The difficulty of finding jurors in Montgomery County who had not decided that convicted sniper John Allen Muhammad was responsible for the county's six sniper killings in 2002 became immediately apparent yesterday as the presiding judge questioned the first batch of 300 potential jurors.

During initial questioning - which was disrupted by a profanity-laced outburst from a victim's relative - nearly all of the first 25 potential jurors said they believed that Muhammad committed six murders in the county, and many were aware that he had been convicted of a sniper killing in Virginia.

They pointed to the heavy media coverage of the shootings, their children being forced to stay inside at school and their personal fears at the time. One referred to the images he saw of Muhammad in prison garb from the first trial in Virginia.

"It happened right around my old job, right around my house," said Quinn McCreary, 24, who lived across from one of the shooting scenes in Silver Spring. "It was right in my face."

McCreary was excused by Montgomery County Circuit Judge James L. Ryan.

The trial's first day illustrated the difficulty posed by a defendant who seeks to represent himself, particularly when the suspect has no legal training and is charged in a high-profile crime.

Muhammad, 45, had bitterly criticized his court-appointed attorneys in previous cases and has chosen to represent himself in this case, something he did briefly in his Virginia trial.

Yesterday, he sat at the defense table, staring at each possible juror who was called for individual questioning. The potential jurors had filled out a form of 32 questions, asking their opinion of the case, whether they thought they could still be fair and whether they had experience with guns such as the Bushmaster rifle used in the killings.

As more people said they believed he was guilty, Muhammad grew more agitated. He objected to most, and at midafternoon, he told the judge he would object to all potential jurors who said they couldn't be fair to him.

"These people are saying their minds are already made up," he complained.

Outside the courthouse, A. Jai Bonner, one of Muhammad's appointed standby lawyers, said, "This court has no business trying this case. It should have been moved a long time ago."

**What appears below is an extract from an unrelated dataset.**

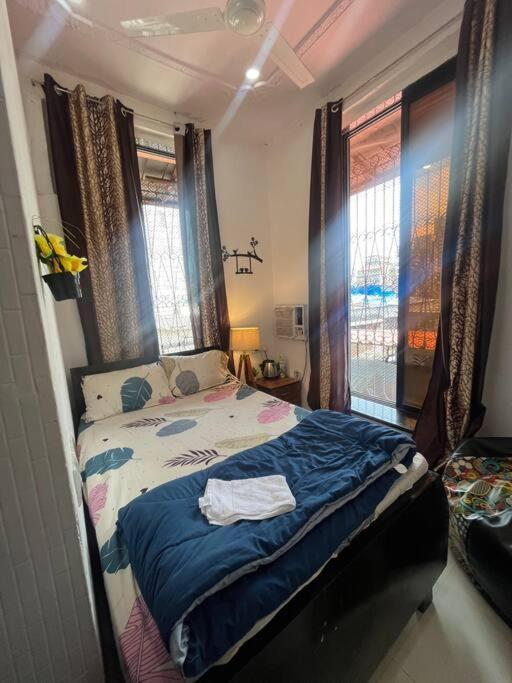 Apartment Budget Friendly 2bhk At Pali Hill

On Friday, Ryan rebuffed Muhammad's request to move the trial, saying that three days before the trial's start was too late to ask. The public defenders Muhammad fired had not sought a new location for the trial.

Muhammad faces six counts of murder in Montgomery County in the October 2002 shooting rampage that claimed 10 lives in the Washington, D.C., area, injured three others and placed millions of people in fear that they could be next in the sniper's sights.

Already on Virginia's death row for a sniper killing, Muhammad could be sentenced to multiple life terms without parole if convicted in Maryland. Lee Boyd Malvo, 21, convicted as Muhammad's accomplice in two Virginia sniper shootings, is serving life prison terms there.

Jury selection began about 10 a.m. with more than 300 people called in. The final panel will consist of 12 jurors and four alternates.

Within the first hour, as more pretrial motions were being argued, a cousin of one of Muhammad's six alleged victims in Montgomery County was ejected from the courtroom after screaming obscenities at the suspect.

"I hope you rot in hell," hollered Christopher Roberts, wearing a bright red T-shirt that said, "Why?" Roberts said he was as a cousin of bus driver Conrad E. Johnson, the final sniper victim.

Deputies escorted the man from the courthouse and told him not to return. Outside the courthouse, he said what he wanted to tell Muhammad: "Don't be antagonizing these families."

He said he thought Muhammad should admit to the crimes.